Your task: Take the entries below and write them out exactly, with each picture removed.

########################################

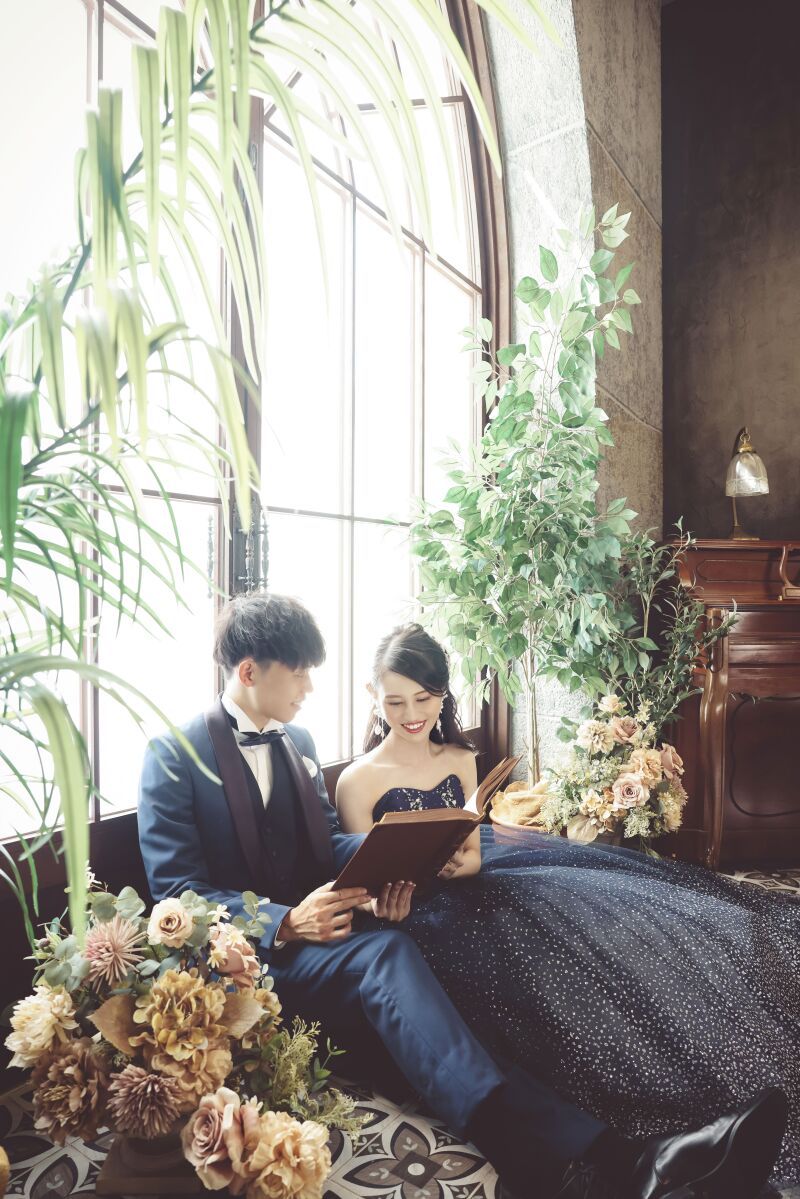 自然光の入るスタジオで。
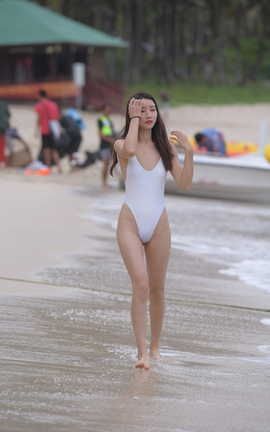 精选街拍作品 NO.0329 红石旅拍 萌萌白色连体比基尼 part2_丽丝库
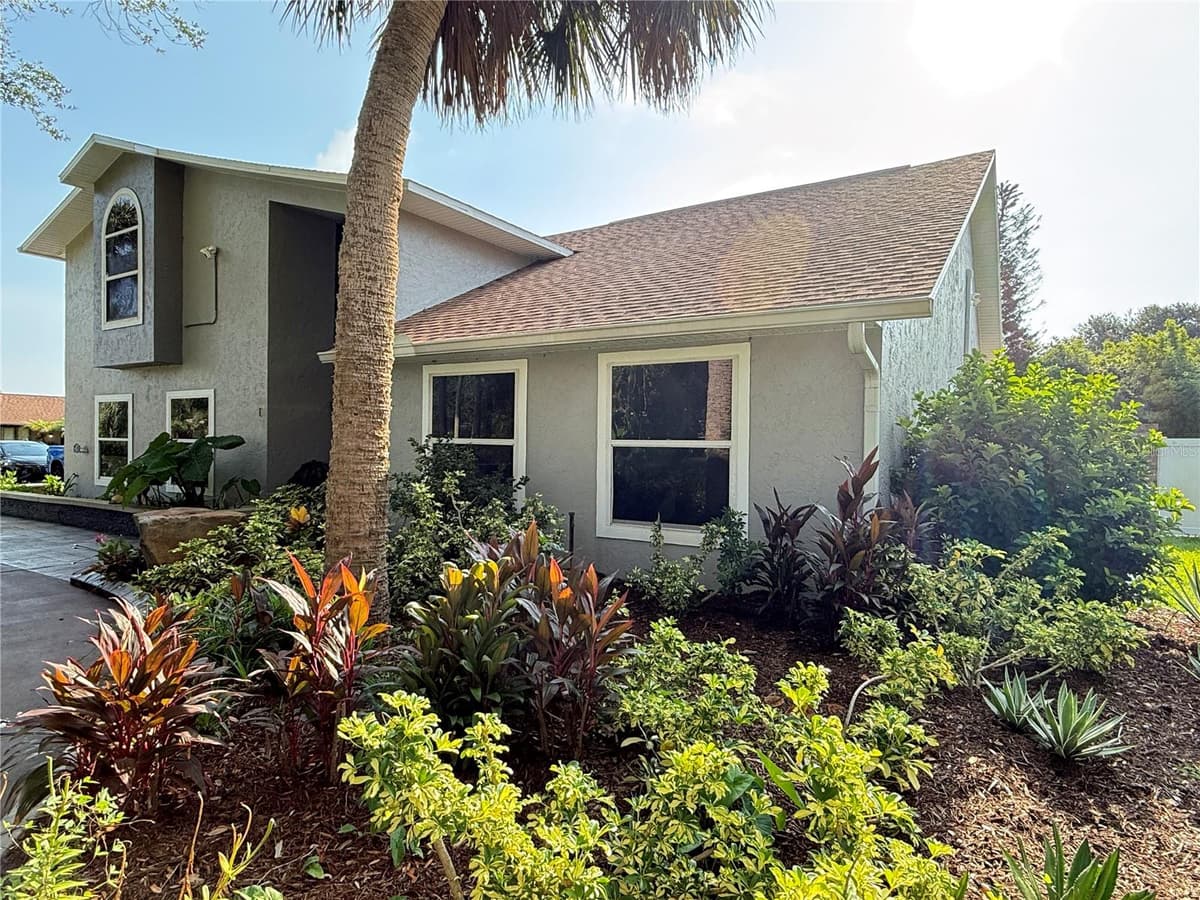 1 HARRIS CIRCLE — photo 4 of 100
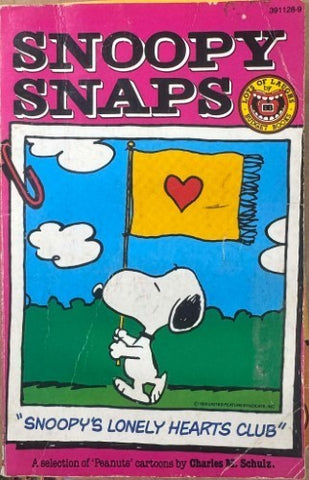 Charles M. Schultz - Snoopy Snaps : Snoopy's Lonely Hearts Club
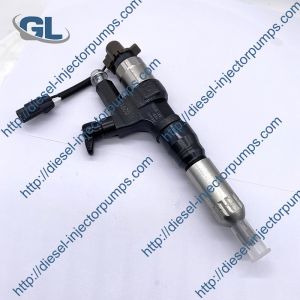 China Common Rail Fuel Diesel Injector 095000-5280 095000-5281 23910-1360 For HINO J08E on sale
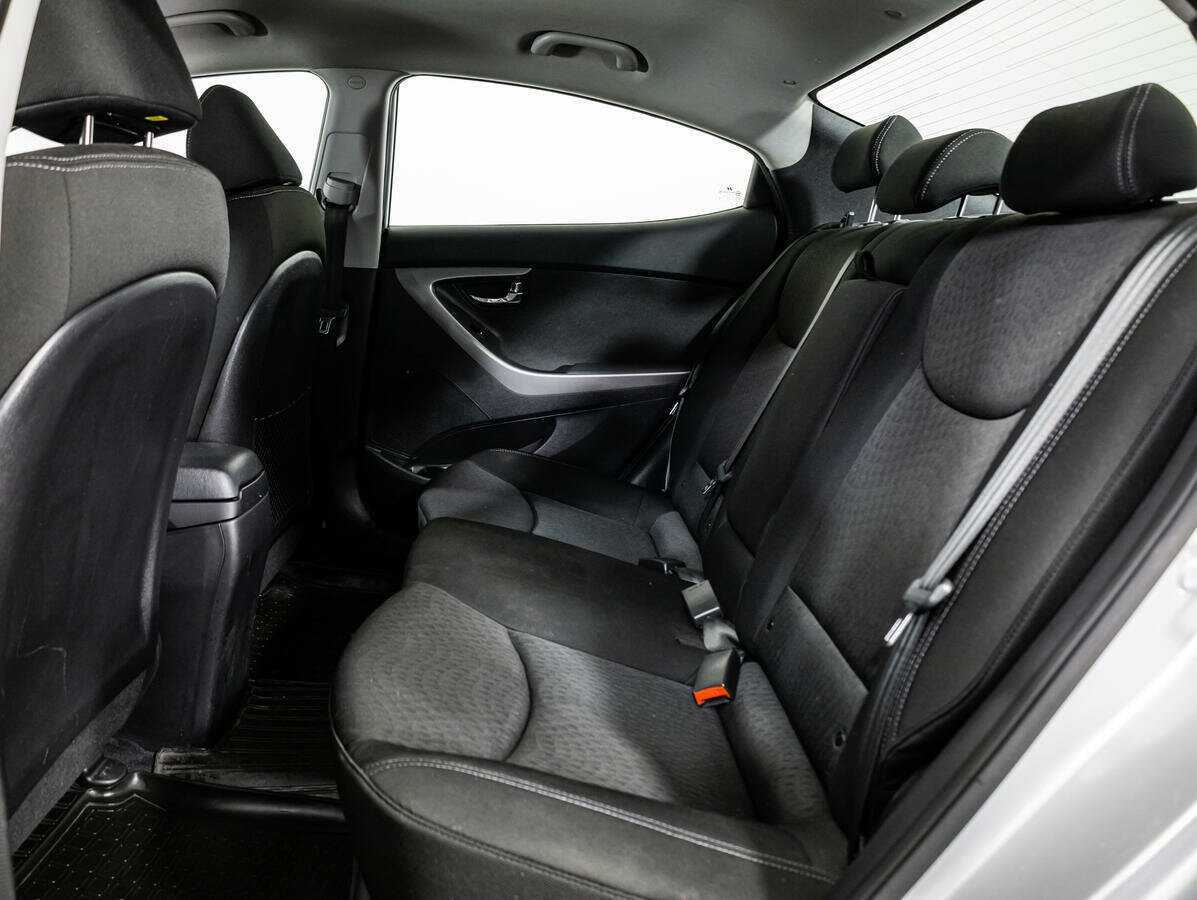 Hyundai Elantra, 2013 - Фото №9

########################################

Response:
 自然光の入るスタジオで。
 精选街拍作品 NO.0329 红石旅拍 萌萌白色连体比基尼 part2_丽丝库
 1 HARRIS CIRCLE — photo 4 of 100
 Charles M. Schultz - Snoopy Snaps : Snoopy's Lonely Hearts Club
 China Common Rail Fuel Diesel Injector 095000-5280 095000-5281 23910-1360 For HINO J08E on sale
 Hyundai Elantra, 2013 - Фото №9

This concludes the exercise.